Местные бояре-воротилы братья Ляпуновы тоже ощутили дыхание желательных перемен и деятельно способствовали Болотникову. Старший брат Ляпуновых, Прокопий, собирал недовольных Шуйским в отряды, готовил пополнение войску Болотникова из тех россиян, которые стекались в Рязань из малых городов, из уездов центральной России, из тех, кто хотел потешиться над московскими боярами. Многим в те дни мерещилась Москва, отданная им в жертву. Как тут топором от радости не помахать, посылая московитам угрозы.

Постепенно Рязань стала похожа на большой военный лагерь. На площадях, по улицам, на окраинах города за крепостными стенами день и ночь горели костры, тут и там были разбиты шатры, поставлены шалаши.
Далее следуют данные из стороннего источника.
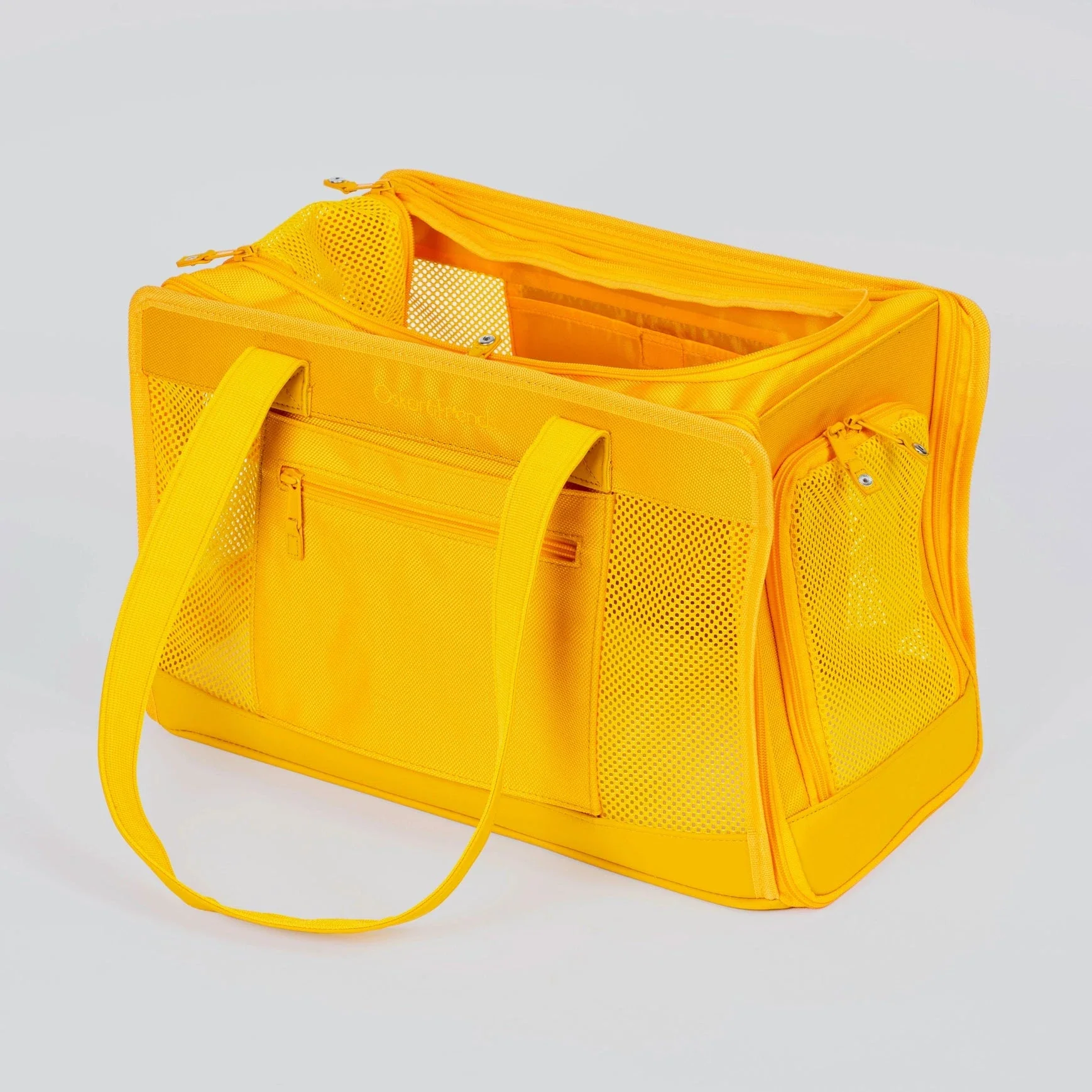 Oskar & Friends Pet Travel Carrier - Airline Compliant, Lightweight - Image 6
Кабаки гудели от бражников. Здесь же скоморохи воинов и гуляк забавляли, жонки искали себе утеху, тати тенями мелькали по ночам, воруя с возов всё, что под руку подвернётся.
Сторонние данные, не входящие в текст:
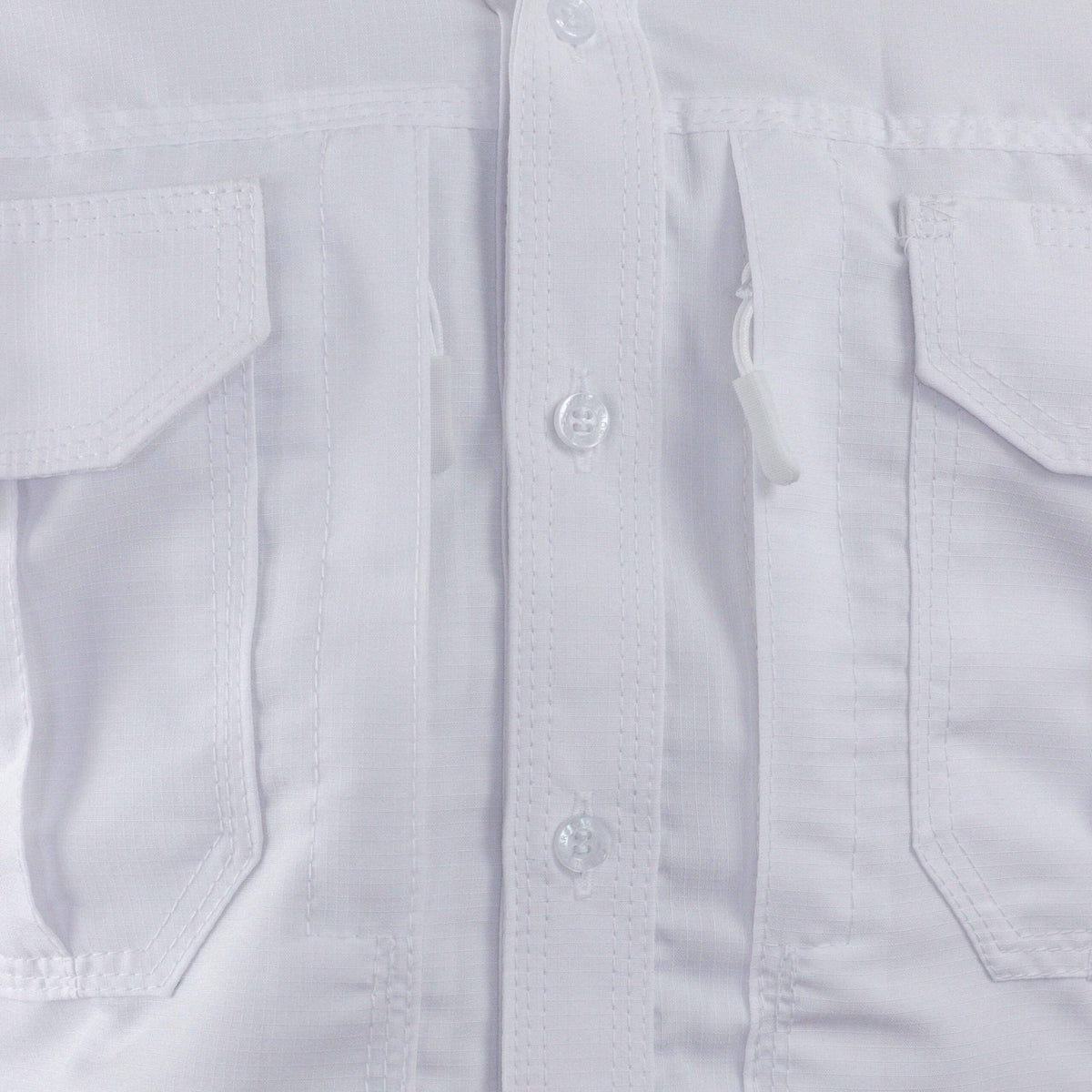Camisa Presidencial Blanca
Пафнутий и Сильвестр появились в Рязани поздним ноябрьским вечером. Оставив инока Арсения у лошадей, сами они, переодетые в крестьянские кафтаны из кежи, в лапти из лыка, ушли в центр города, чтобы послушать, о чём говорят в питейных домах и на площадях народ, поискать Шаховского, а ещё своих — услужителя и возницу. Удрали они от Пафнутия и Сильвестра под Пронском и пару коней с тапканом увели. Сильвестру было ведомо, что толкнуло их на побег: оба они были рязанские, из Скопина, вот и пристали к своим воям-мятежникам.
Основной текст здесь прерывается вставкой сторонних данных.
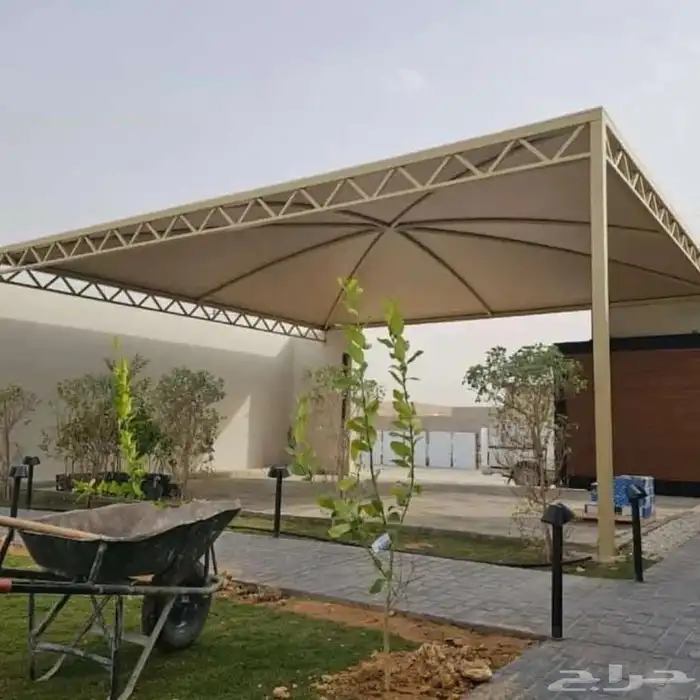 مظلات وسواتر الرياض 6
Потолкавшись в городе до полуночи, Пафнутий и Сильвестр узнали, что князь Шаховской в Рязани и вместе с другими знатными вельможами — перебежчиками из Москвы остановился на просторном подворье бояр Ляпуновых. Побывали и лазутчики возле них. Да не стали рисковать, не пошли в палаты, которые охранялись казаками.

Вернувшись к Арсению, Пафнутий и Сильвестр провели остаток ночи в тапкане. И хотя спали под овчинным пологом, утренний морозец достал-таки их. Совершив скорую молитву, они снова отправились в город высматривать князя Шаховского. И прошли ещё сутки в напрасных хлопотах.

И вот наступил праздник Дмитрия Салунского. С утра Сильвестр был оживлённее, чем обычно. Шагая с Пафнутием в харчевню, Сильвестр уверенным голосом сказал:

— Ноне увидим князя Шаховского, придёт он на богослужение в Воскресенский собор. Потому день у нас будет острый и без просвета. Потом движения потребует. И давай, владыко, покрепче перекусим.

Так и сделали воители, съели по большому куску жареной говядины с хреном, всё брагой запили и отправились на Соборную площадь Рязани. Близился час торжественной литургии. И подумал ведун, что князя Шаховского надо будет перехватить до того, как войти ему в собор. Видел Сильвестр, как всё случится, да отгонял до поры своё видение, потому как морозец по спине от него пробегал.